CBS analysts Tony Romo and Boomer Esiason think teams will find way to use pass interference replay to their advantage
Bill Belichick won't waste any time figuring out the best way
The controversial no-call on Los Angeles Rams cornerback Nickell Robey-Coleman late in the NFC Championship game led to the NFL declaring pass interference -- whether called on the field or not -- reviewable by replay. That decision has caused an uproar on social media among fans who are concerned with how it will play out, but the analysts covering the game are confident the reaction will be much ado about nothing. Having said that, it won't surprise CBS analysts, Tony Romo or Boomer Esiason, if NFL coaches find a way to use this to their advantage.

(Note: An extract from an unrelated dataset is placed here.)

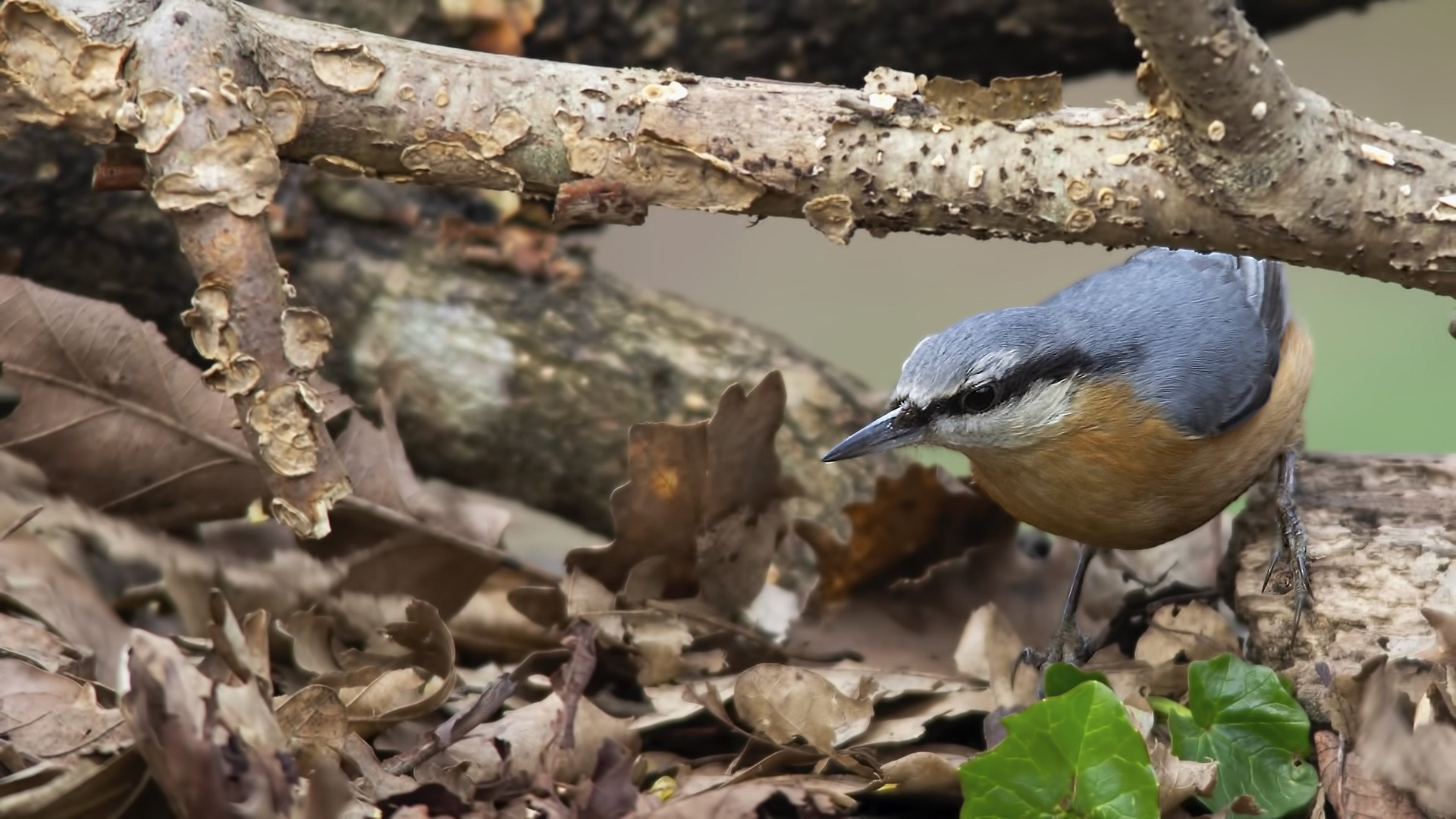 Eurasian Nuthatch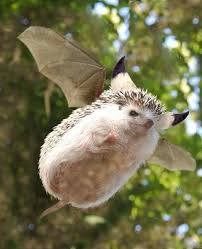 Nergigante Cute Little Animals Hedgehog Pet Monster Hunter Art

"Some teams will continue to push the envelope to find out if there's a loophole, they can use it to their advantage," Esiason said. "If there's anybody who can figure that out, it's the guy (Bill Belichick) in New England. He's got Ernie Adams trying to figure out when are we throwing this (red flag), why should we throw this."
There will be added pressure on NFL teams who don't already have multiple assistants in the booth watching replays to find possible instances of pass interference (both offensive and defensive) that work in their favor to add these members to their staff. Belichick, or any other NFL head coach, could potentially test the limits of this new NFL rules wrinkle by opting to throw more passes downfield. The goal would be to put the pressure on NFL cornerbacks with more one-on-one and contested-catch situations.
"I think it's impossible to know right now, but I do think somebody will try and find a way to gain an advantage," Romo said. "You should. Everyone is trying to find a way, so it's no different for one team."
Although teams can theoretically gain an advantage, after obtaining more information from Senior Vice President of Officiating Al Riveron, Romo is confident this change won't cause an uproar in how fans enjoy the game or the outcome on the field.
"I think it will be interesting to see," Romo said. "After having talked to Al Riveron and the NFL yesterday, I think I have a little bit better grasp of how I'm going to articulate it. Initially, there were assumptions I made and ways I thought you could gain advantages by opening this up. I think they've done a good job putting themselves in a position where this could be something that hopefully won't be that big of a deal."
After all, it's not like the NFL is making any changes to how often an NFL coach can challenge pass interference or any other infraction.
"Remember, they're not getting added challenges," Esiason said. "They still have to be judicious with that red flag."
NFL fans don't want a repeat of the blown call in the NFC Championship game and neither does the league. Former NFL official Gene Steratore provided a more in-depth analysis of why the NFL has decided to take advantage of what's available to them in an attempt to avoid a repeat of last January.
"Most importantly, the standard the NFL is to correct something that was so blatantly missed," Steratore said. "We have the technology to be able to implement something to correct that. The fear mechanism that is coming into this right now, prior to any of us actually living it, is that oh my there will be 100 challenges, are they going to stop the game all the time inside two minutes, and I think that's a knee jerk reaction. If we pull back and listen to the message the NFL is putting out, it is going to have to be clear and obvious."
Having said that, Steratore is well aware that the best NFL teams have already discussed a gameplan.
"Some of the teams already do have some of those types of people (in the booth)," Steratore said. "Any time there are new rules, the great teams are already looking at a strategy."
Over time, NFL fans could see a change in the game similar to when the NFL began to strictly enforce the illegal contact (within the first 5 yards) rule.
"As in any rule that has changed through the course of time, the game has changed," Steratore said. "When they put illegal contact in, the cornerbacks went to being smaller because there was no contact after five yards. The game does evolve in that way."
Ultimately, there needs to be clear and obvious evidence for the replay officials to overturn or implement a pass interference penalty that wasn't called on the field.
"They are not re-refeering these plays in a vacuum," Steratore said. They are going into the review process under the auspices that the call on the field is correct. If we watch that play, and in our living rooms go that doesn't look like that much, that's not going to get overturned. The standard remains that it must be clear and obvious."
NFL fans freaked out about the ruling to strictly enforce penalizing defensive players for lowering and leading with their helmet when attempting a tackle during the 2018 preseason. Once Week 1 of the 2018 regular season rolled through, this was no longer a topic of conversation and it never came up as an issue for fans, coaches, or players at all throughout the remainder of the year. Fans were quick to jump on the pass interference wrinkle after Week 1 of the preseason, but a similar scenario is likely to play out once the regular season arrives.